BRIEF: Your answer must be the full listing below, repeated exactly, with no pictures in it.

DATASET EXCERPT section start

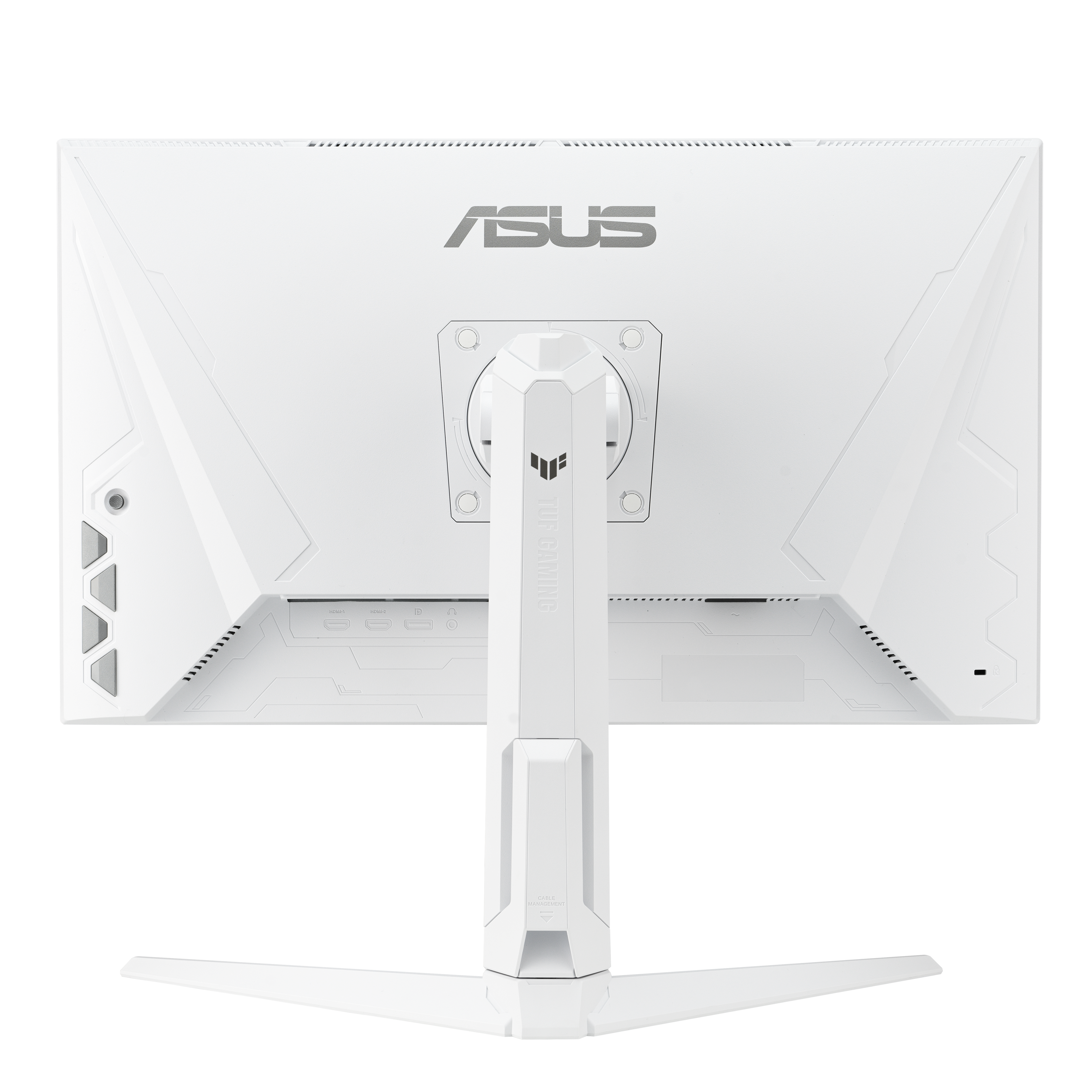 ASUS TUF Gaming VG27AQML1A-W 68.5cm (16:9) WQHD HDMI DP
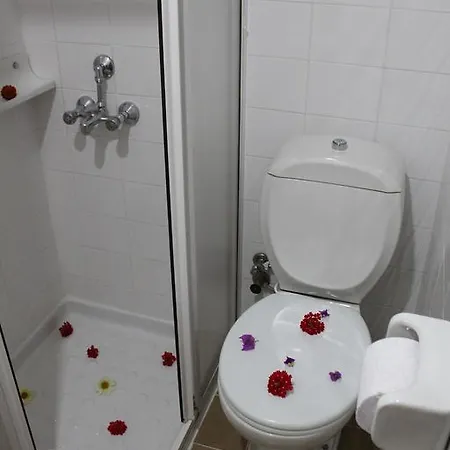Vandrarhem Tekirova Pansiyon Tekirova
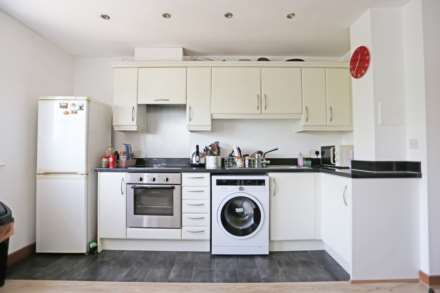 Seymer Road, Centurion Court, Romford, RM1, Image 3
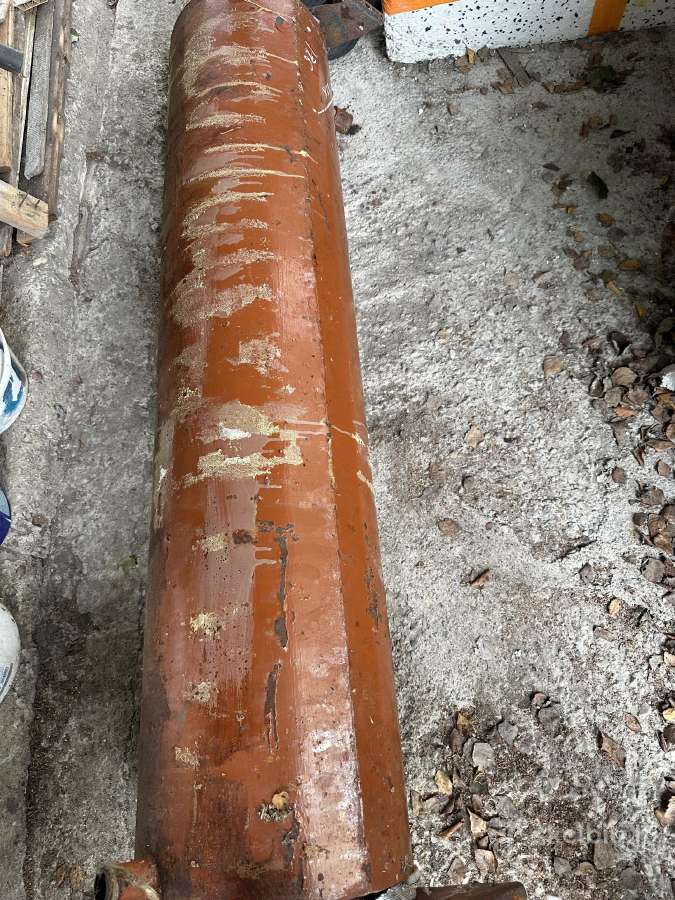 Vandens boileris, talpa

DATASET EXCERPT section end

ANSWER SECTION:
 ASUS TUF Gaming VG27AQML1A-W 68.5cm (16:9) WQHD HDMI DP
Vandrarhem Tekirova Pansiyon Tekirova
 Seymer Road, Centurion Court, Romford, RM1, Image 3
 Vandens boileris, talpa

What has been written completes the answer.